Per me è stato un sollievo scoprire che simili sensazioni sono comuni a tutte le donne, che io non sono stata un mostro insensibile per averle provate, e che la sensazione di essere completamente sola e abbandonata non era un mio limite, anche se il mio compagno mi ha davvero lasciato sola, prima psicologicamente e poi anche fisicamente, andandosene poco dopo la seconda maternità.

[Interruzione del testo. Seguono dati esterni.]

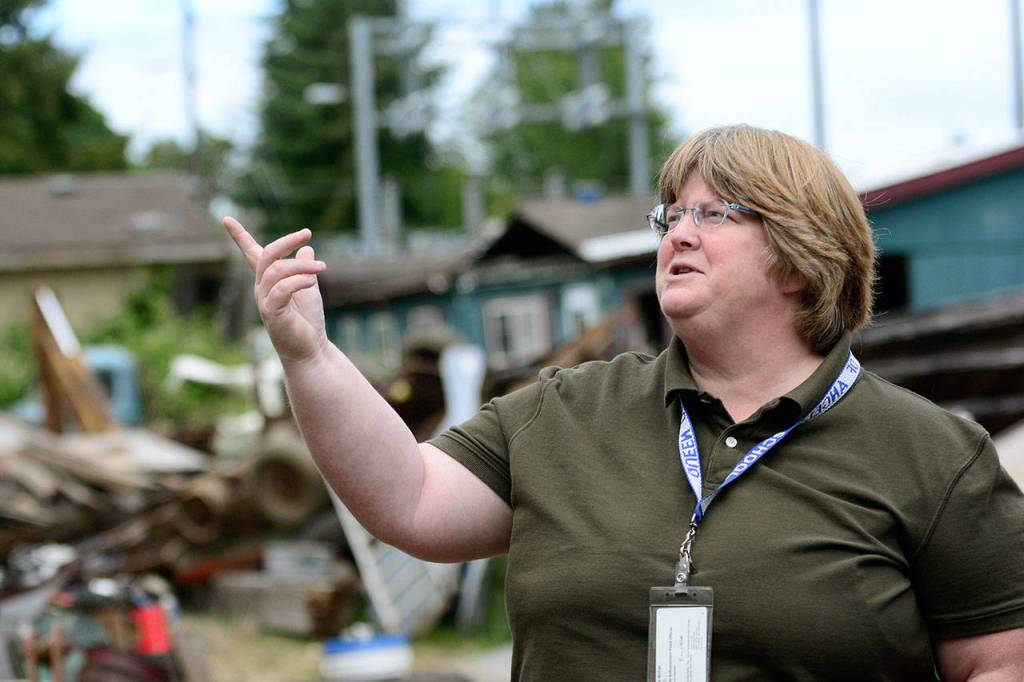 Barb McFall, Clallam County&rsquo;s only code enforcement officer, chats with a homeowner cleaning his property. (Jesse Major/Peninsula Daily News)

E durante la lettura ho ripercorso e, spesso per la prima volta, dato un senso a molte delle mie esperienze: oltre all'abbandono del mio compagno, il senso di smarrimento e isolamento succeduto alla brusca cesura con la vita "di prima", la perdita della mia dimensione di donna, il deteriorarsi del rapporto con mia madre (una "cattiva nonna"), il bisogno fortissimo di fare qualcosa di creativo (che mi ha fatto riempire casa di lana con cui ho fatto sciarpe e cappelli dai colori e dalle dimensioni improbabili), l'angoscia del "tempo interrotto" in cui c'è sempre qualcuno che ti chiama o ti reclama, senza nessun rispetto per te, i tuoi bisogni, i tuoi desideri.

Insomma, questa lettura mi ha fatto percorrere un viaggio ideale dentro di me, in cui per la prima volta ho guardato e chiamato per nome ferite aperte che ancora bruciavano, e già questo, insieme alla nuova consapevolezza di non essere più sola, ha avuto su di me una funzione terapeutica, liberatoria.

Grazie, Marilde, di avere scritto La solitudine delle madri!



martedì 29 dicembre 2009

Nuovo anno, nuovo look!


La Madonna Solly di Raffaello è la nuova immagine del mio profilo: l'ho trovata citata nel bellissimo libro di Marilde Trinchero, La solitudine delle madri, e mi è piaciuta subito tanto.

Grazie a Marilde, per avermi fatto scoprire questo quadro di Raffaello, ma soprattutto per avere scritto un testo come La solitudine delle madri, che mi sta facendo riflettere tanto su argomenti che "mi bruciano dentro". Appena avrò metabolizzato tutto, dedicherò un post al libro (e alle riflessioni!)